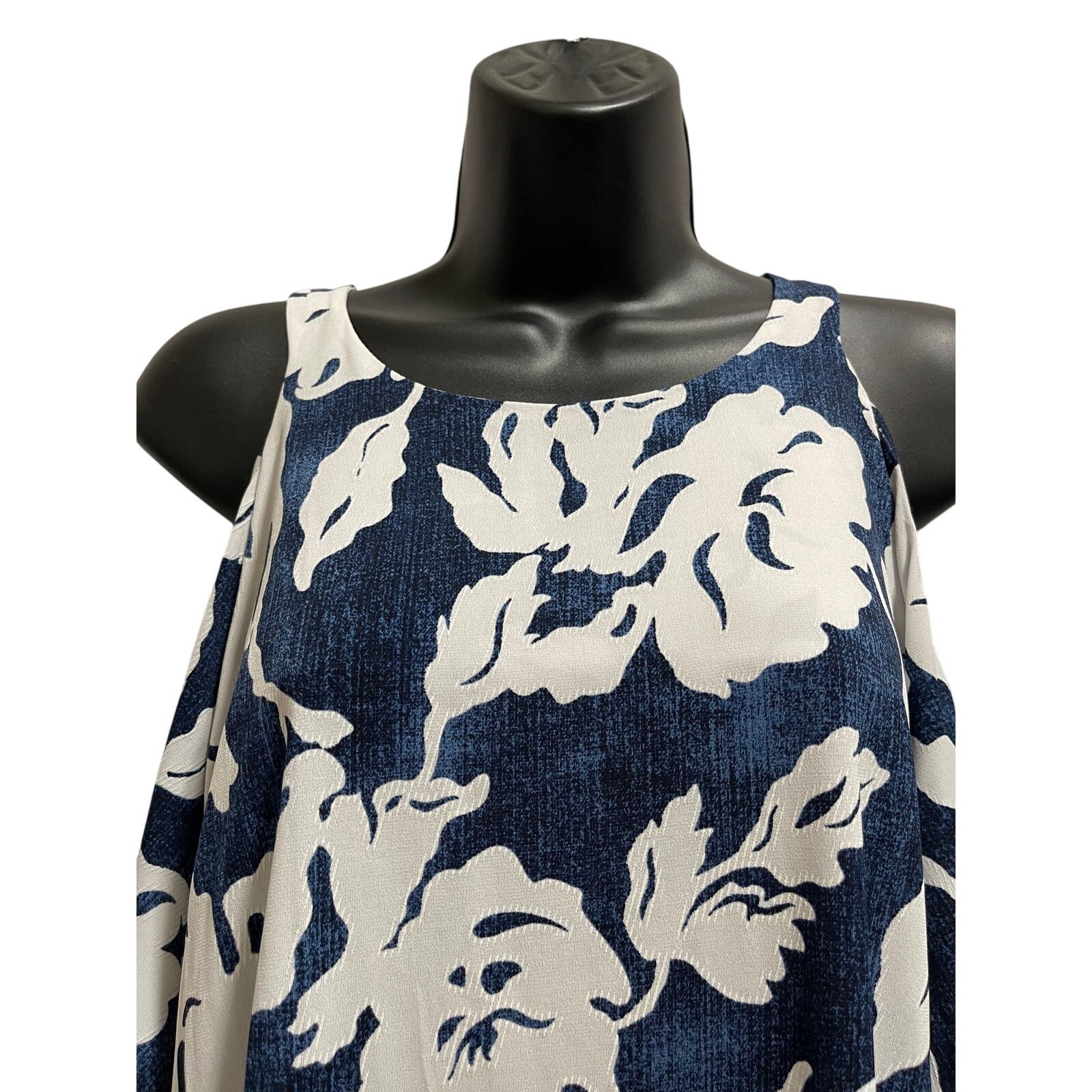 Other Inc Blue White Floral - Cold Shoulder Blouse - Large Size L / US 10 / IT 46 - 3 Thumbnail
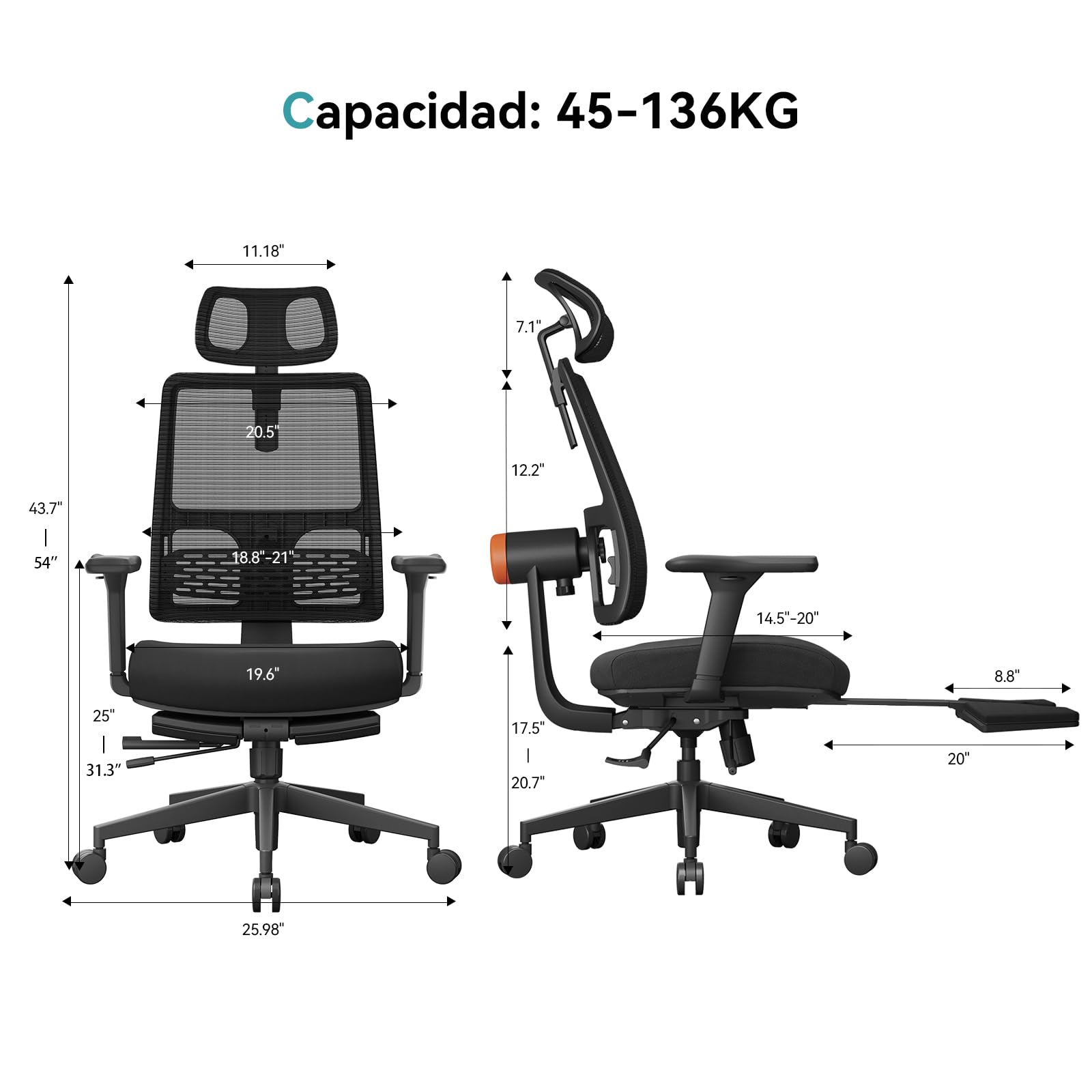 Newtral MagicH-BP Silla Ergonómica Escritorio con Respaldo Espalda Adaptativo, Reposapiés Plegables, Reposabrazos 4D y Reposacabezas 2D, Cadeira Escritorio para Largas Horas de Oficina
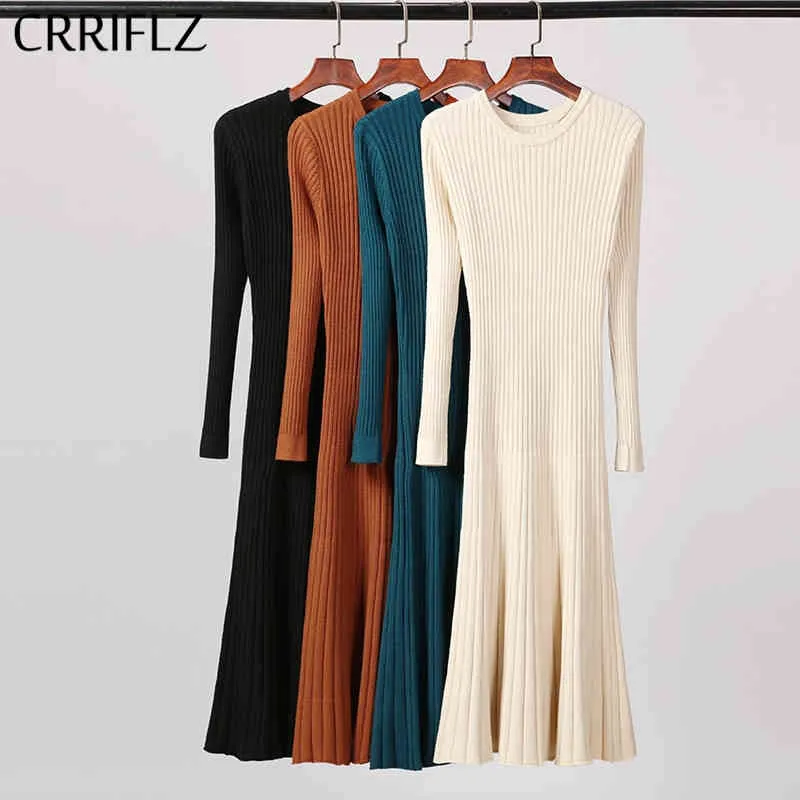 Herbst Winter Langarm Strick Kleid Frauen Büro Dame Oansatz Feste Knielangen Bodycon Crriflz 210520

◆ **Your task**:
In your answer, repeat the material above in full, exactly, and without its pictures.

◆ **Result of this exercise**:
 Other Inc Blue White Floral - Cold Shoulder Blouse - Large Size L / US 10 / IT 46 - 3 Thumbnail
 Newtral MagicH-BP Silla Ergonómica Escritorio con Respaldo Espalda Adaptativo, Reposapiés Plegables, Reposabrazos 4D y Reposacabezas 2D, Cadeira Escritorio para Largas Horas de Oficina
 Herbst Winter Langarm Strick Kleid Frauen Büro Dame Oansatz Feste Knielangen Bodycon Crriflz 210520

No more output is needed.